Numa coisa concordo com Trump e, claro, com Guterres: a ONU é uma máquina pesada, cheia de procedimentos inúteis e com um extenso caderno de encargos de burocracia. Na minha atividade profissional trabalho, quase diariamente, com uma agência das Nações Unidas (a União Internacional das Telecomunicações), e as dores de cabeça são constantes.
É compreensível que numa entidade multicultural, multirracial e de vocação mundial se criem procedimentos que evitem a corrupção e a má utilização de recursos. Grande parte desses procedimentos (senão a totalidade) são criados pelas lideranças no intuito de reparar erros anteriores ou darem um cunho pessoal à organização. Até aqui, tudo bem; o problema é que, ao implementarem-se novos procedimentos, ou eles não visam a simplificação ou raramente se eliminam anteriores. É como se juntassem, sucessivamente, redes de malha mais fina que acabam por estrangular o funcionamento das organizações. Imperam depois um conjunto de arquiteturas e procedimentos alternativos que, embora legais, deixam transparecer que não há forma de controlar os processos de tomada de decisão.
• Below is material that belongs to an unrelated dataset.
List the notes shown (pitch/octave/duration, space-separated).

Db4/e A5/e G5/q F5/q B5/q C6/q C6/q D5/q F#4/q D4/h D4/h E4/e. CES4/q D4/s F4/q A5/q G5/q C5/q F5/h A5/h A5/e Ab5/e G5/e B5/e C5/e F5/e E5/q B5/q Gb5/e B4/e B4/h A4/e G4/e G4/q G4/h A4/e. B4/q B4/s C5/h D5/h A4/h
O desafio de Guterres é incomensurável. Estou certo de que tem noção disso e tenho a certeza de que dará o máximo para o vencer. A reforma política não parece estar no horizonte, como aliás se ouviu nas palavras de Trump. As referências foram em torno da inoperância, da burocracia e do excesso de investimento sem resultados visíveis, a não ser no acréscimo dos custos com pessoal.
Esse é, aliás, outro problema e que, sob pena de poder ser mal interpretado, ouso tocar: as agências das Nações Unidas tornaram-se uma espécie de bolsa de emprego dos países menos avançados. Os critérios discricionários de seleção tornam quase impossível que um candidato oriundo de um país dito desenvolvido tenha hipóteses quando em disputa com outro candidato de um país menos avançado, mesmo que com menores competências.
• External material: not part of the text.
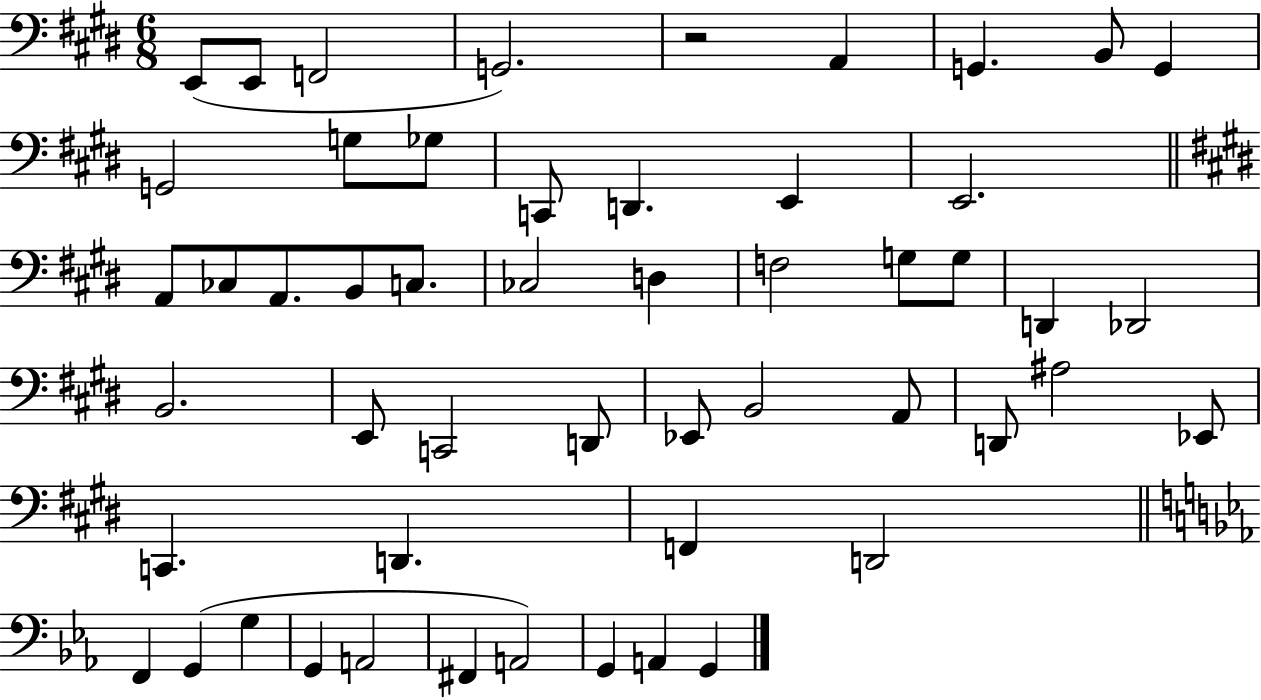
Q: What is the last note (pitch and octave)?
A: G2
Em teoria, a Carta das Nações Unidas aponta para que “prevalecerá na escolha do pessoal e na determinação das condições (…) a necessidade de assegurar o mais alto grau de eficiência, competência e integridade”. Acrescenta ainda que deverá ser também levado em conta “o mais amplo critério geográfico possível”. Na prática, não se verifica.
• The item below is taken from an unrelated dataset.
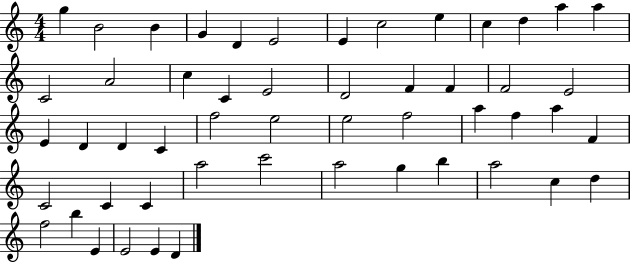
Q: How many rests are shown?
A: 0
Tenho assistido ao longo dos últimos anos a vários procedimentos concursais na UIT e garanto-vos que existe discricionariedade. Conheci vários candidatos portugueses que ficaram pelo caminho e conheci os titulares escolhidos dos cargos para os quais concorreram, e asseguro-vos: os critérios de seleção não foram a eficiência, a competência e nem tão-pouco a integridade. As escolhas foram, invariavelmente, personalizadas e politizadas, acrescidas de uma componente fortemente regional. Na UIT, apenas como exemplo, não existe à data nenhum português entre os mais de 700 funcionários. Já houve, em tempos, e era o bibliotecário e, garanto-vos, temos profissionais capazes de desempenhar outras funções, naquela organização, para lá de organizar livros.
Esta será, porventura, uma das principais razões da fragilidade e da inoperância das agências das Nações Unidas. E esta será, provavelmente, uma das pedras-de-
-toque da reforma que Guterres conta realizar. Não sou antirreformista, antes pelo contrário, mas se a reforma tão almejada não contemplar os procedimentos de seleção, serei cético quanto à reforma.